[Brief descriptive captions]
■ ■ ■ ■

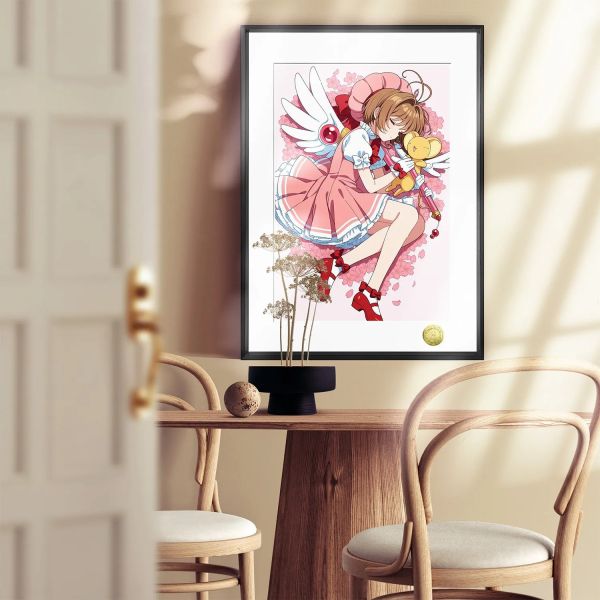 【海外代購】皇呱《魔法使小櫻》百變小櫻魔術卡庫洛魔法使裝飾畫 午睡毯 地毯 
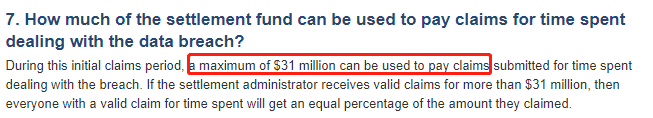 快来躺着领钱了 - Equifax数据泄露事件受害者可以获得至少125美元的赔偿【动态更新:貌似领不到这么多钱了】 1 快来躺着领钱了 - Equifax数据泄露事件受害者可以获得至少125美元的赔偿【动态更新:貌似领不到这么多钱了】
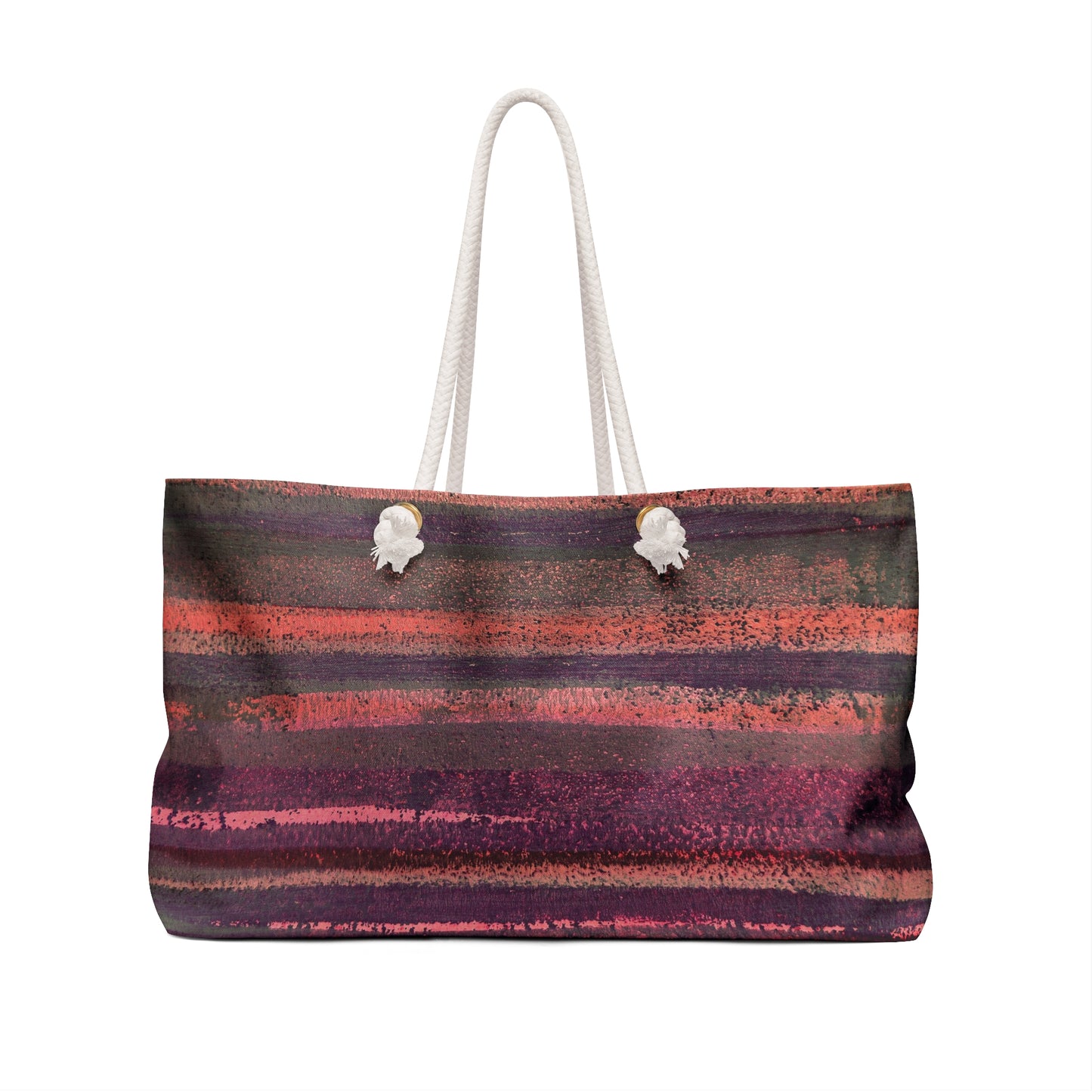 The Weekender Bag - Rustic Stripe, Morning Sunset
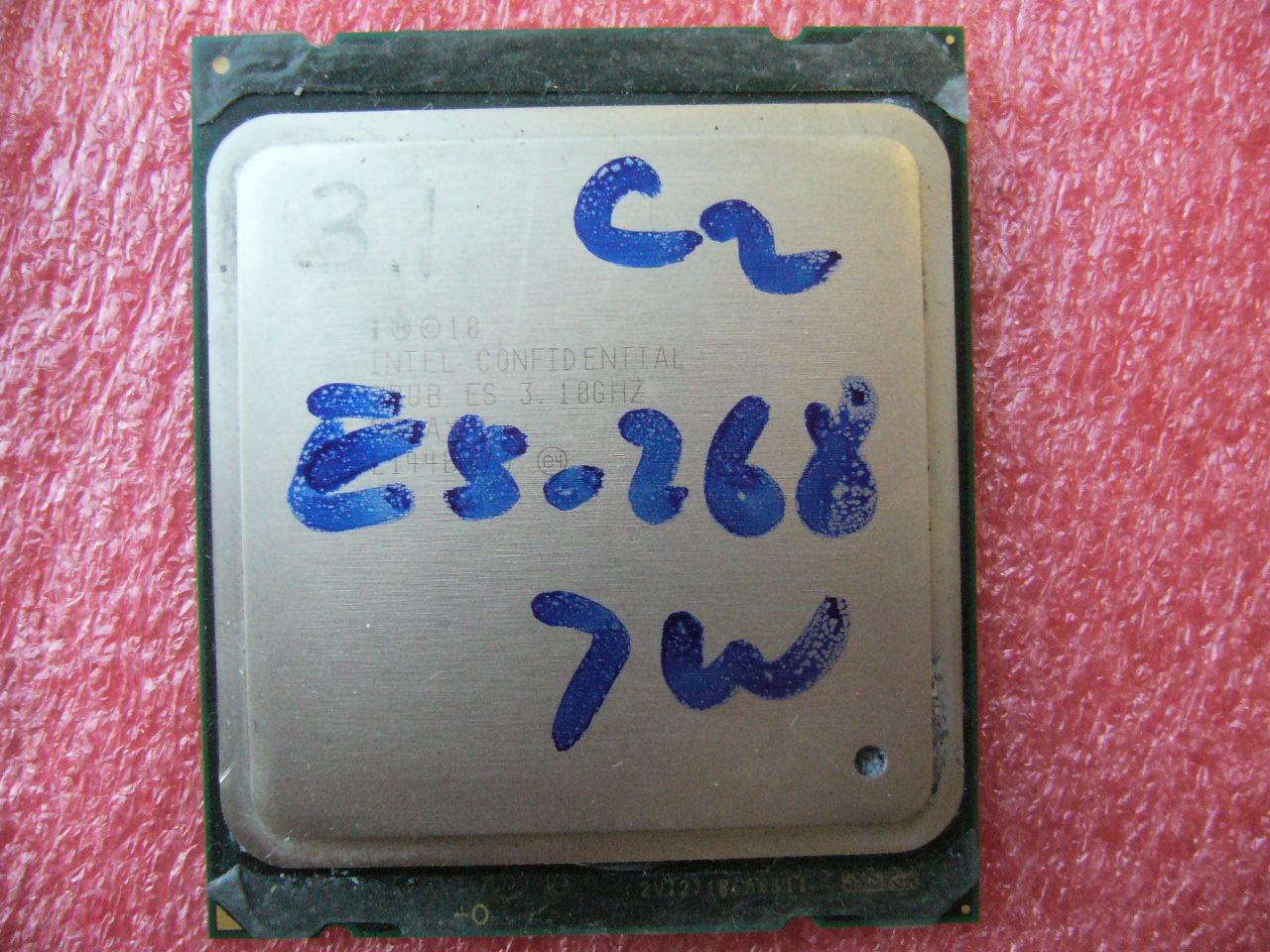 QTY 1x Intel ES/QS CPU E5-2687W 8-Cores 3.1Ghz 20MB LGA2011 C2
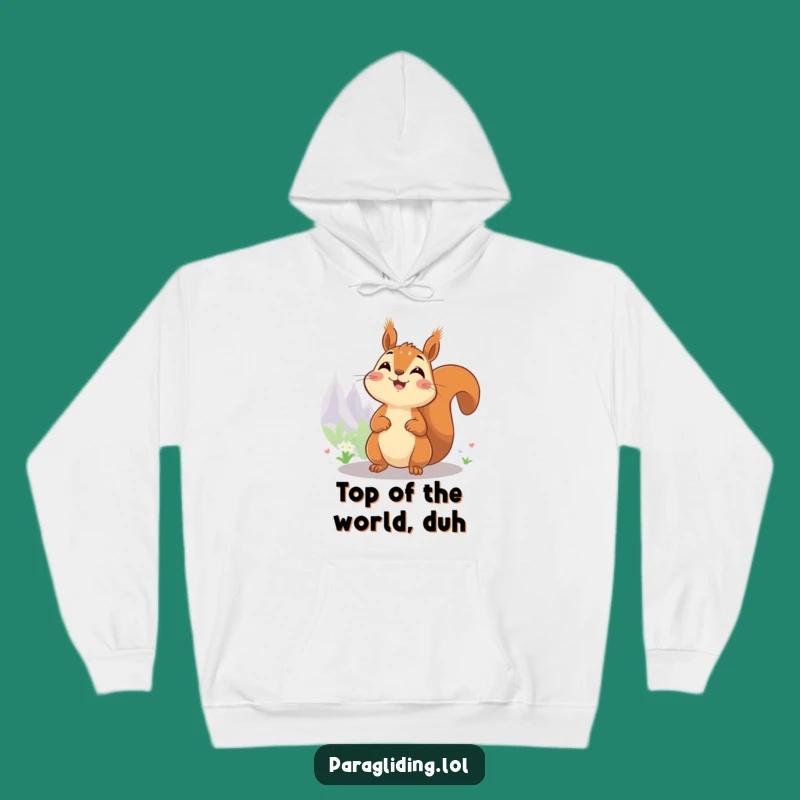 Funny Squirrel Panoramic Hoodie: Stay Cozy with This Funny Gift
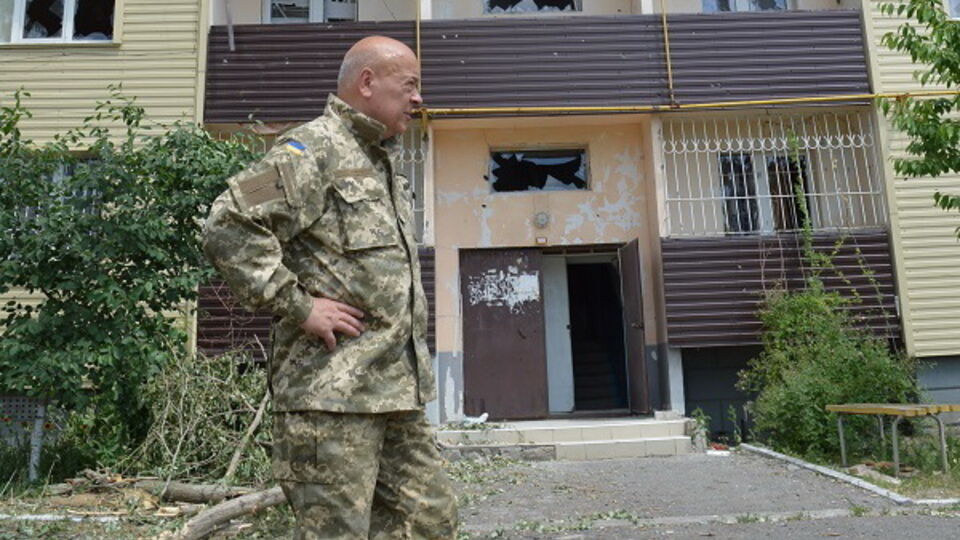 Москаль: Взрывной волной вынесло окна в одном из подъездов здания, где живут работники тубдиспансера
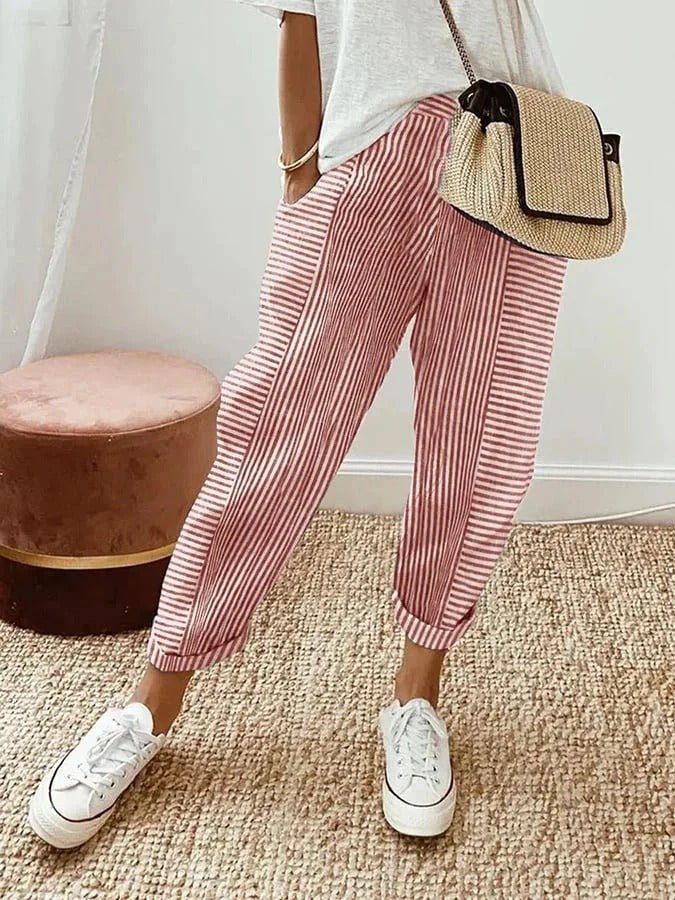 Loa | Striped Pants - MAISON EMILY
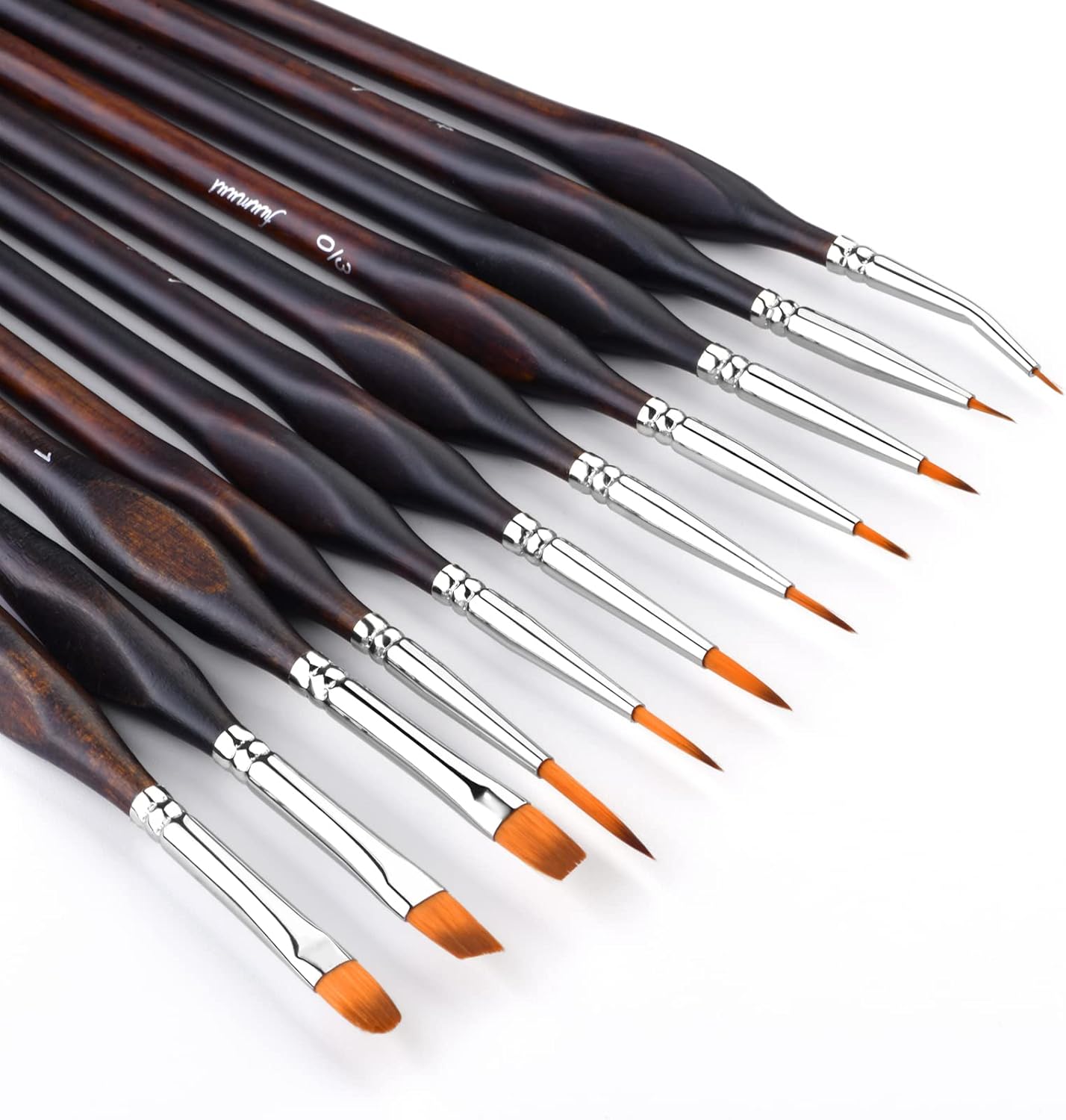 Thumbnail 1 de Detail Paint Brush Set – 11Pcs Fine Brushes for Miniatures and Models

■ ■ ■ ■

Goal of the exercise
Transcribe the records above exactly and drop every picture.

Final answer
 【海外代購】皇呱《魔法使小櫻》百變小櫻魔術卡庫洛魔法使裝飾畫 午睡毯 地毯 
 快来躺着领钱了 - Equifax数据泄露事件受害者可以获得至少125美元的赔偿【动态更新:貌似领不到这么多钱了】 1 快来躺着领钱了 - Equifax数据泄露事件受害者可以获得至少125美元的赔偿【动态更新:貌似领不到这么多钱了】
 The Weekender Bag - Rustic Stripe, Morning Sunset
 QTY 1x Intel ES/QS CPU E5-2687W 8-Cores 3.1Ghz 20MB LGA2011 C2
 Funny Squirrel Panoramic Hoodie: Stay Cozy with This Funny Gift
 Москаль: Взрывной волной вынесло окна в одном из подъездов здания, где живут работники тубдиспансера
 Loa | Striped Pants - MAISON EMILY
 Thumbnail 1 de Detail Paint Brush Set – 11Pcs Fine Brushes for Miniatures and Models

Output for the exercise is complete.